Injury burden and spending

Burden of disease measures the impact of illness and injury through time spent in ill health and premature death. In 2023, the Australian Burden of Disease Study 2023 reported injuries as the 6th highest cause of total disease burden in Australia, accounting for around 8% of total burden (Disability-Adjusted Life Years, DALY). Most of the injury burden was due to premature death or fatal burden (Years of Life Lost, YLL) (82%), while 18% was due to years lived in ill health or with disability (non-fatal burden).

Seventy-two percent of the total burden due to injuries was experienced by males, while 28% was experienced by females. Injuries accounted for 10% of total fatal burden (YLL) for males, compared to 4.1% for females.
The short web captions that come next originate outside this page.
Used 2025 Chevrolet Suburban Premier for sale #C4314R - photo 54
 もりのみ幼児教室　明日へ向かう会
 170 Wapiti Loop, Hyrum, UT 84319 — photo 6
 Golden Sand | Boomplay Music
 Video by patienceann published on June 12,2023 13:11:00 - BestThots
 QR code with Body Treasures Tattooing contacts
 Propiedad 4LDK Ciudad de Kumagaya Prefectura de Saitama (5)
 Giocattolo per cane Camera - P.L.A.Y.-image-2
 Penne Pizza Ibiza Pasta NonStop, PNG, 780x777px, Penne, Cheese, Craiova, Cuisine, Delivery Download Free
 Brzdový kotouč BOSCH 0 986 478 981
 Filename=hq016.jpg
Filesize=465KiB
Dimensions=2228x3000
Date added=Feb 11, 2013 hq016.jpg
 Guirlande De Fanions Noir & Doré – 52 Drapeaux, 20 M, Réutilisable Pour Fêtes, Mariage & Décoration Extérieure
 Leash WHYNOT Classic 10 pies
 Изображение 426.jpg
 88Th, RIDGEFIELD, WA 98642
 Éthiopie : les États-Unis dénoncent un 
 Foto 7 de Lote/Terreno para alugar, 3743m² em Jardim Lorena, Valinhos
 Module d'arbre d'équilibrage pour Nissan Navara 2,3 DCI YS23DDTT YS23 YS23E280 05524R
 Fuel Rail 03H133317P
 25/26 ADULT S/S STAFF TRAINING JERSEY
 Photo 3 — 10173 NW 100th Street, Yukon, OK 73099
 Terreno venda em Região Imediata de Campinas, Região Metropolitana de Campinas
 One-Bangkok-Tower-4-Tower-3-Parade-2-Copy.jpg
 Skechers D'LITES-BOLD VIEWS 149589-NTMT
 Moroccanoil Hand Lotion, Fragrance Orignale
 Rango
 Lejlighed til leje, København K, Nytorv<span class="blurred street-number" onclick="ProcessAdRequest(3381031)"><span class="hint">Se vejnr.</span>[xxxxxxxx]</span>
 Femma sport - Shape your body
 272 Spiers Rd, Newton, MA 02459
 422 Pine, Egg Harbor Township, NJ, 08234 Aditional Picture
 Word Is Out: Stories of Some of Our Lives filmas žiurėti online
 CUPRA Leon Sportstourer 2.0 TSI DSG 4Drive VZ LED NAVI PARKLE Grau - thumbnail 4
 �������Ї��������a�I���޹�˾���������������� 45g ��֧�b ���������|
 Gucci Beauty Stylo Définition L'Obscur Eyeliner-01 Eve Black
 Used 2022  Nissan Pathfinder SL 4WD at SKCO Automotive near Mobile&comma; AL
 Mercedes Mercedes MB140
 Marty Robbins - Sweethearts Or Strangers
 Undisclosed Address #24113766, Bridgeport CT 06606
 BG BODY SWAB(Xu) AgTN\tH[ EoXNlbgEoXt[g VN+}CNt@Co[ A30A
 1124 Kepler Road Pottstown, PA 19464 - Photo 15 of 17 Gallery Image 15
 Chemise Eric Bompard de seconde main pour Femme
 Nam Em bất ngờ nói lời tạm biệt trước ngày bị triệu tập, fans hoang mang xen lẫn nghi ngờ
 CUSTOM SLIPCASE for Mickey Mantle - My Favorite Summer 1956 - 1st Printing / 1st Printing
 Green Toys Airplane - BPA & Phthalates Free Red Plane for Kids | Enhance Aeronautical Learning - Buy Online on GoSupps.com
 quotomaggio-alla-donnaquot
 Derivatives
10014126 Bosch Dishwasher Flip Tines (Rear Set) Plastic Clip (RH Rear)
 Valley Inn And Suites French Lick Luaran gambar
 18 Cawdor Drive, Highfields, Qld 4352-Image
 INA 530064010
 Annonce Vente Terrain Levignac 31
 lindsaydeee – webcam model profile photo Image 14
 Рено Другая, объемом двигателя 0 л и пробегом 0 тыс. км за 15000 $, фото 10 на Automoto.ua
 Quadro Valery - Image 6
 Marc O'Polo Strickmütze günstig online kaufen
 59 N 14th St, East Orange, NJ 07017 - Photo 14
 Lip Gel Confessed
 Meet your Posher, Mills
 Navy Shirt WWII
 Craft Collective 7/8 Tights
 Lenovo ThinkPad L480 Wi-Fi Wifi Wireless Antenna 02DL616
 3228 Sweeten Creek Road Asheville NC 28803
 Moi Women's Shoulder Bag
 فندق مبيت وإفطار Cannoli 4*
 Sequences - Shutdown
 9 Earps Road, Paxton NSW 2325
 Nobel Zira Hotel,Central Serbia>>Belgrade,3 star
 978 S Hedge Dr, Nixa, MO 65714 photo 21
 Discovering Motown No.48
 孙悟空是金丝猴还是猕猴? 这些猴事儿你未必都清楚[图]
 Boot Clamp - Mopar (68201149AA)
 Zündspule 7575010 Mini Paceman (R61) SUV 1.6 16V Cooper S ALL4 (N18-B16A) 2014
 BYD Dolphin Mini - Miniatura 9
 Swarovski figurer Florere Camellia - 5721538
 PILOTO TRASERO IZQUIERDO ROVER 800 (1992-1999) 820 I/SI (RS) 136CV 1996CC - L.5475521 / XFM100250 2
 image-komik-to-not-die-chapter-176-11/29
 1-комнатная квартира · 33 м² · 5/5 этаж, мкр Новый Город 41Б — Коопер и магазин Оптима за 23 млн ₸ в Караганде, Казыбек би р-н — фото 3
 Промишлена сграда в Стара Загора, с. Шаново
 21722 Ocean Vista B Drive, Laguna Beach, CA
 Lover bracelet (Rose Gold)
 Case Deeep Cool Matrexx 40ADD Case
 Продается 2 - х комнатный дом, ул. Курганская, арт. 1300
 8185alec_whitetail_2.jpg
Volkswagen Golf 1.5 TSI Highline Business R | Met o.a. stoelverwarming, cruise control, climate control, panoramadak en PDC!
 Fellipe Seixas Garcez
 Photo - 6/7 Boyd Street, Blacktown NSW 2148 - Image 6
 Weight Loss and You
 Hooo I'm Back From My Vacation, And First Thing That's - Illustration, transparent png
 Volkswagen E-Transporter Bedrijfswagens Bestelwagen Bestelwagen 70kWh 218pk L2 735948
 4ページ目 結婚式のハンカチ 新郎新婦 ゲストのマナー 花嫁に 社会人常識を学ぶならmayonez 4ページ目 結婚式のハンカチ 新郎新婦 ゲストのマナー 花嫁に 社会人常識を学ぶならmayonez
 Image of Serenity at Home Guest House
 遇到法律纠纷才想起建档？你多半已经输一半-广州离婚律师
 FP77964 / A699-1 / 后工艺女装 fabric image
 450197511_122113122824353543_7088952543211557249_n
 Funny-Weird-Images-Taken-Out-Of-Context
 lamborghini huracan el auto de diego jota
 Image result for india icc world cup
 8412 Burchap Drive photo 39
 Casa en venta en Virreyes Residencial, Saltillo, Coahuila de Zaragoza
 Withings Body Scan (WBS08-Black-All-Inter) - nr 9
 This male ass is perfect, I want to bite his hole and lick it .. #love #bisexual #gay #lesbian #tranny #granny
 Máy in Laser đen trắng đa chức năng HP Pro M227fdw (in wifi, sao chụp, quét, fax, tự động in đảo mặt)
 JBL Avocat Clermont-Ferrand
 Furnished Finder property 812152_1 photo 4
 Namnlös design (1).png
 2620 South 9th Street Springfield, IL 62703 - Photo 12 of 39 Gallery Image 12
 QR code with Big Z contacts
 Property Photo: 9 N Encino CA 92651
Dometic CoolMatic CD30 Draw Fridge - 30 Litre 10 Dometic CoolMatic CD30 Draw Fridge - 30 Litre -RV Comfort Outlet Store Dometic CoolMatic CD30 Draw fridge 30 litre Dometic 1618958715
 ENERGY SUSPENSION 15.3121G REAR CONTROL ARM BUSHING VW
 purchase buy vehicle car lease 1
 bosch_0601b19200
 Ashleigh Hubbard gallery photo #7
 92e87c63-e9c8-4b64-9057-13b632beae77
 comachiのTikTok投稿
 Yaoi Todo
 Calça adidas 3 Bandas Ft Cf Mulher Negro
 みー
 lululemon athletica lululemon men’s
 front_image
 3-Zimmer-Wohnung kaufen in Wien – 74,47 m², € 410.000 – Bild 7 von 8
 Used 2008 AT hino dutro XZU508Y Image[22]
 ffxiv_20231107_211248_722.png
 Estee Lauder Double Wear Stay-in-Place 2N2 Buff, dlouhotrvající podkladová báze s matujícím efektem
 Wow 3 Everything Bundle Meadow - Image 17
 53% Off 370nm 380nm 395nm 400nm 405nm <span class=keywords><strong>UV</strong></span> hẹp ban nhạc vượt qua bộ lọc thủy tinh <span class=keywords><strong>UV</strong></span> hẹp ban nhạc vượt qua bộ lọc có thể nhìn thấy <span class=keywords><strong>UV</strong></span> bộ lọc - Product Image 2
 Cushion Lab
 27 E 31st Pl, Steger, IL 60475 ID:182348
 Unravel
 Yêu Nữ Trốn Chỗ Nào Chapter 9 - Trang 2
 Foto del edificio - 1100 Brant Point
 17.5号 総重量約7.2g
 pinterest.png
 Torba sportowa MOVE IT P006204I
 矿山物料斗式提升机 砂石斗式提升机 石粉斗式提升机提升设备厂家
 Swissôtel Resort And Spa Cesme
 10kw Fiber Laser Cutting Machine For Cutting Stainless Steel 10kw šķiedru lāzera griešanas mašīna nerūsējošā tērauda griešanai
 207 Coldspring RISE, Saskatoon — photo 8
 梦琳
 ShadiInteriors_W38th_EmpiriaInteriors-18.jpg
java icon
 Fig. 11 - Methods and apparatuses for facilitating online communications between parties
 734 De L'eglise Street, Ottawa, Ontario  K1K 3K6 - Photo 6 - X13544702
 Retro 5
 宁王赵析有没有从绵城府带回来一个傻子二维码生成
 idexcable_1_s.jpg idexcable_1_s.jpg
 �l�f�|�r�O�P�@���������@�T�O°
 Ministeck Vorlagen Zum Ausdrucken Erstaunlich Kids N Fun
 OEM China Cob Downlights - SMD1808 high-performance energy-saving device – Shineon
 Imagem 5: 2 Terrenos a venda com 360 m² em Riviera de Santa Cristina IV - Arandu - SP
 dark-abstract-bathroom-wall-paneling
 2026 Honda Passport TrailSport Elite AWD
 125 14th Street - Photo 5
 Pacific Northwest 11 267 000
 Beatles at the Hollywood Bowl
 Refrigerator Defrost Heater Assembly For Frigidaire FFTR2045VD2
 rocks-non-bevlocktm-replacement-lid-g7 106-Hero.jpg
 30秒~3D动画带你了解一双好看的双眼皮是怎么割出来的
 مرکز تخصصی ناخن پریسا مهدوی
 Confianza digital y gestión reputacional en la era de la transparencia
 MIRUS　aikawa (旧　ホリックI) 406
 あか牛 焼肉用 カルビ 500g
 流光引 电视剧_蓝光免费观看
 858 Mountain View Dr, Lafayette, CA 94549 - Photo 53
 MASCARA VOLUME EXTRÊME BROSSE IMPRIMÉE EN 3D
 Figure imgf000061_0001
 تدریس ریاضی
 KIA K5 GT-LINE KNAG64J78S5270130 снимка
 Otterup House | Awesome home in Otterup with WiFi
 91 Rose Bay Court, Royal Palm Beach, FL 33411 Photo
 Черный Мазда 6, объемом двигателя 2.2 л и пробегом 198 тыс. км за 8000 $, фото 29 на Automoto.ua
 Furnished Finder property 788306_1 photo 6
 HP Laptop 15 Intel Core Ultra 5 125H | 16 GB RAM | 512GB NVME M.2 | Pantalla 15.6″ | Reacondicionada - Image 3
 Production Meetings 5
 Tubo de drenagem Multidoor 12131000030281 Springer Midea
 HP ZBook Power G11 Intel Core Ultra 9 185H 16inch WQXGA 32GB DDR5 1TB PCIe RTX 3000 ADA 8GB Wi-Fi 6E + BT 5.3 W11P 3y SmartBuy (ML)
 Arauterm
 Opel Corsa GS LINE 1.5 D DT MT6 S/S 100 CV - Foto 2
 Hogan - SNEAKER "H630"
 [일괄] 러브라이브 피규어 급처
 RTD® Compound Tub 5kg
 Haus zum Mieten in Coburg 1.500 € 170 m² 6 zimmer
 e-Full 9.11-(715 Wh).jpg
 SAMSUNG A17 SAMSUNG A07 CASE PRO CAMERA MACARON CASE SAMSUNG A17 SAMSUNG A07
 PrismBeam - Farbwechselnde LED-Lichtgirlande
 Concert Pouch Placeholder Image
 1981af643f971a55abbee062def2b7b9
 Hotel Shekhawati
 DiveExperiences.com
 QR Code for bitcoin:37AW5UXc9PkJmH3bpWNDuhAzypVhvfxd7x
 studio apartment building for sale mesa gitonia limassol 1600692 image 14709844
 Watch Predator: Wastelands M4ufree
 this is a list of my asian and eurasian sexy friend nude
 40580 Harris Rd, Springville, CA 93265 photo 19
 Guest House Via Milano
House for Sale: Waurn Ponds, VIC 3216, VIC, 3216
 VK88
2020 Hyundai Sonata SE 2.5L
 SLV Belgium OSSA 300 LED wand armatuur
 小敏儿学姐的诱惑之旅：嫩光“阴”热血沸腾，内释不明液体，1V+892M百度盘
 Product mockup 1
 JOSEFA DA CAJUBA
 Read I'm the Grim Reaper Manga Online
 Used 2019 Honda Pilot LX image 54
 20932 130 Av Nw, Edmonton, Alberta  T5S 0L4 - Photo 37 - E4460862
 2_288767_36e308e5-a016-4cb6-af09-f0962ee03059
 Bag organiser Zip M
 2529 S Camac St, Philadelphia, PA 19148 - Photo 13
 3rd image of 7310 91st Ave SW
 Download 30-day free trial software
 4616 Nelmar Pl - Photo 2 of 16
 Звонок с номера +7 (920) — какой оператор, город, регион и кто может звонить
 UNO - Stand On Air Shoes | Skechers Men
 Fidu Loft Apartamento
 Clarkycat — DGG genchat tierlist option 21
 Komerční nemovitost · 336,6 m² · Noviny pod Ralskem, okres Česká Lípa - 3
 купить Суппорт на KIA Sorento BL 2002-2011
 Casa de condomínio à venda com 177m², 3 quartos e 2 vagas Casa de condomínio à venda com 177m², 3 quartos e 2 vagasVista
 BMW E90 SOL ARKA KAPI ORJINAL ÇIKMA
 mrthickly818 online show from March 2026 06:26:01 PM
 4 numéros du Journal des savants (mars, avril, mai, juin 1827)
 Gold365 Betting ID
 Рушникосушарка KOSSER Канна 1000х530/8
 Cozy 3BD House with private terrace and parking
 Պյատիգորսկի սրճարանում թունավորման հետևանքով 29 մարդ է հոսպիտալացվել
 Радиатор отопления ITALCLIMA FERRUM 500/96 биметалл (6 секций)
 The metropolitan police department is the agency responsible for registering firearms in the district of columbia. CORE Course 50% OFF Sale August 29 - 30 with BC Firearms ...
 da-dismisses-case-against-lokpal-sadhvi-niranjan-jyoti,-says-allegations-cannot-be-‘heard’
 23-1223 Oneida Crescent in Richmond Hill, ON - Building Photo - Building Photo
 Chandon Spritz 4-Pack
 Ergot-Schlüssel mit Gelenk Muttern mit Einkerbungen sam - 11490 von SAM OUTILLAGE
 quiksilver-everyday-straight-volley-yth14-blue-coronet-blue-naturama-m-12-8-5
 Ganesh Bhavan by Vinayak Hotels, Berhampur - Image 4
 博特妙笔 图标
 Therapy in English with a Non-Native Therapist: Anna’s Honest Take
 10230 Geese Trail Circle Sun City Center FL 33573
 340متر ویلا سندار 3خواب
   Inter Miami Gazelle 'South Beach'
The top 5 contributors to total injury burden (DALY) measured were suicide and self-harm, accounting for 35% of total injury burden, followed by falls (20%), poisoning (17%), road traffic injuries – motor vehicle occupants (7.7%), and other unintentional injuries (6.2%).

Spending on injuries is captured in the Disease Expenditure database, including costs from injury hospitalisations and treatment in primary care settings. In 2020-21, a total of $150.1 billion was allocated to health conditions, of which 7.3% ($10.9 billion) was spent treating and managing injury. The majority occurred in hospital settings ($8.8 billion, including private hospitals, emergency departments and outpatient clinics), with approximately $547 million occurring in general practice, $496 million in medical imaging and $137 million in Prescription Benefit Scheme (PBS) expenditure. These estimates may reflect greater data capture for hospital presentations in the disease expenditure analyses, as many injuries are treated in settings such as physiotherapy or sports medicine clinics, or self-managed, which may not be fully captured in these estimates.

Injury costs are reported by both the nature and cause of injury. By nature of injury most spending occurred for other injuries ($5.1 billion) followed by other fractures ($1.9 billion) and soft tissue injuries ($1.4 billion). In terms of the cause of injury, spending was highest for falls ($4.7 billion), other unintentional injuries ($2.9 billion), all other external causes of injury ($1.1 billion) and road traffic injury motor vehicle occupants ($479 million).